I doubt it. For that it must have had some way/opportunity to separate from the lower-melting oils during the false trace catastrophe. If you melt up an oil blend and let it cool (masterbatch-ish), you'll see that this doesn't happen by itself under usual conditions (even less so when a stick blender is involved).

got me to thinking.... what the result would be of adding finely grated CB at trace purposefully to a CP soap... would it be the same result as melting it with the other oils in the traditional way?
Depends. First, you would have to take quite some care that the temperature doesn't exceed the melting point of the CB – insulation, fridge, etc., and a very soft oil blend in the beginning. Then, would you calculate the amount of lye with or without the CB? Finally, what would you want to achieve by it? If someone washes their hands with a soap that has lumps of grease in it, chances are the skin is dirtier (more oils) afterwards than before, and more hand washing would just expose more CB gratings.
 
When first mixing lye with oils. Wire cutter?
sorry I worded my first post ambiguously. I meant when pouring my lye into my oils as well. I didn't mean to make it sound like it thickened when pouring the batter into the mold.
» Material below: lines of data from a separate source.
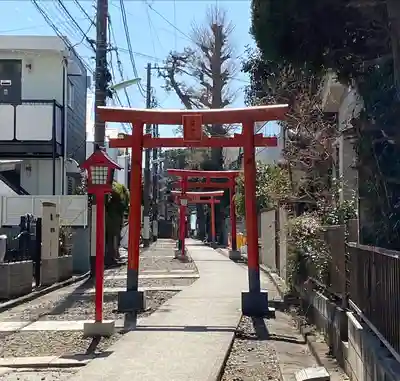 久富稲荷神社の山門・神門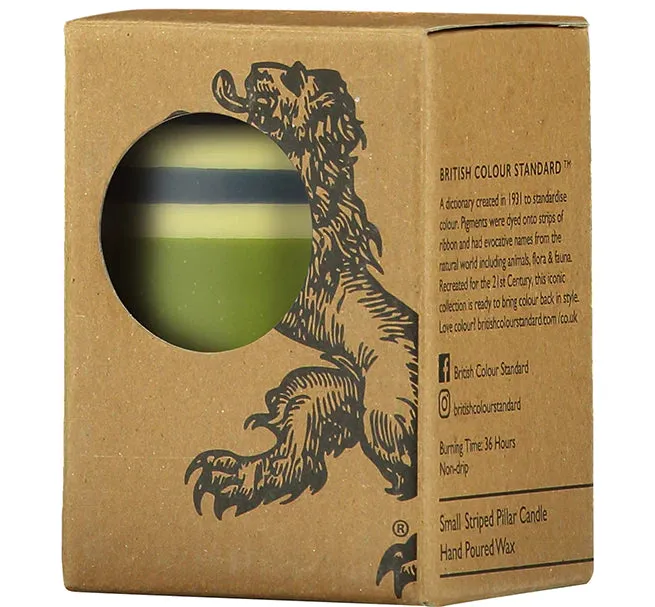 Eco Pillar Candle; Various Sizes | Olive, Indigo And Jasmine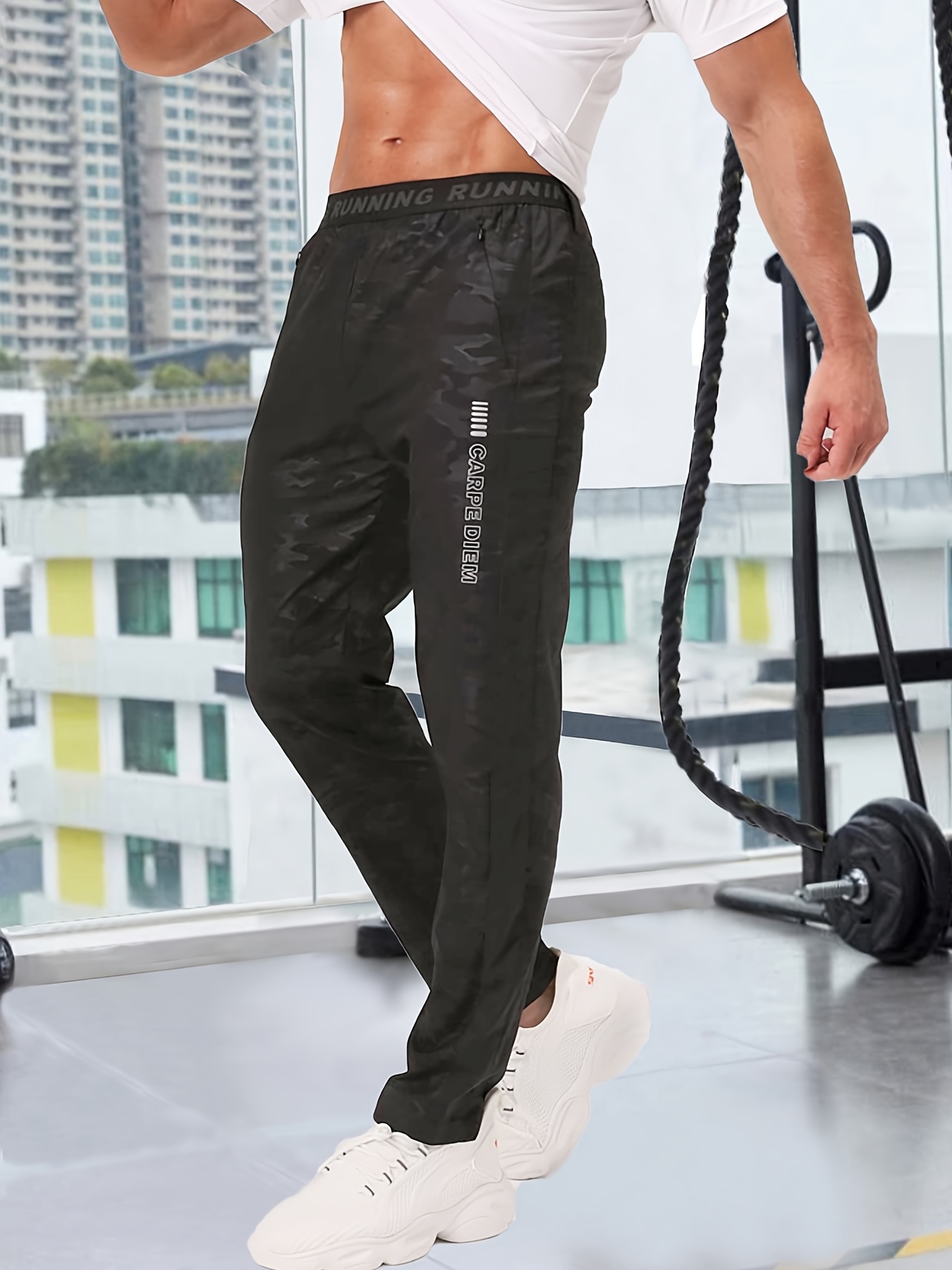 Man's Casual Activewear Jogger Track Pants Sweatpants Sports Workout  Trousers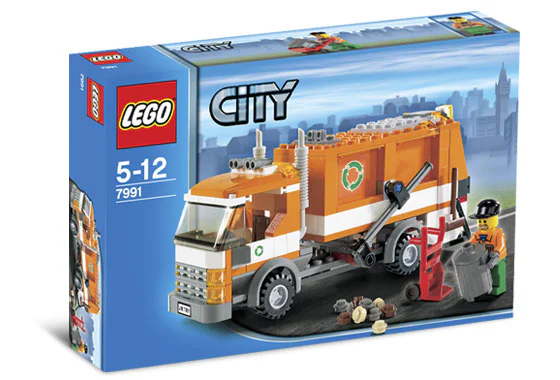 Transportation: garbage recovery truck 乐高 LEGO 7991 image 1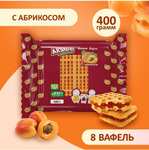 Венские Вафли Акульчев с абрикосом 400 г (с Озон картой)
It thickened immediately when the lye hit the oils too.

Fragrance free, but I am using a wire cutter. But those spots were already visible as I was cutting, the wire cutter couldn't have made those spots instantaneiously, I guess.

some way/opportunity to separate from the lower-melting oils during the false trace catastrophe

I just imagined "precipitation" like something falling out of solution, but I guess mixed fats probably don't work that way. I was just thinking out loud :p

lumps of grease in it
I was imagining a 0% superfat recipe, with the CB gratings added at trace, and cooling/insulation to keep it from melting.
I guess it would be lumps of grease, I just imagine some ppl would like the idea of having "pure cocoa butter" left on their hands after washing. I don't really know how this would feel, I guess now that you describe it like that, maybe it wouldn't be so nice :p
 
Post-cook superfat in HP is a thing (0% SF main batter reduces DOS risk with unsaturated oils, but you still have some free oils that reduce the possibly stripping/irritant action of pure soap), I've made it with cocoa butter and it's decent. Just not lumps of fat, but smoothly incorporated into the soap matrix.

You can sell everything for label appeal if you're just wording hard enough.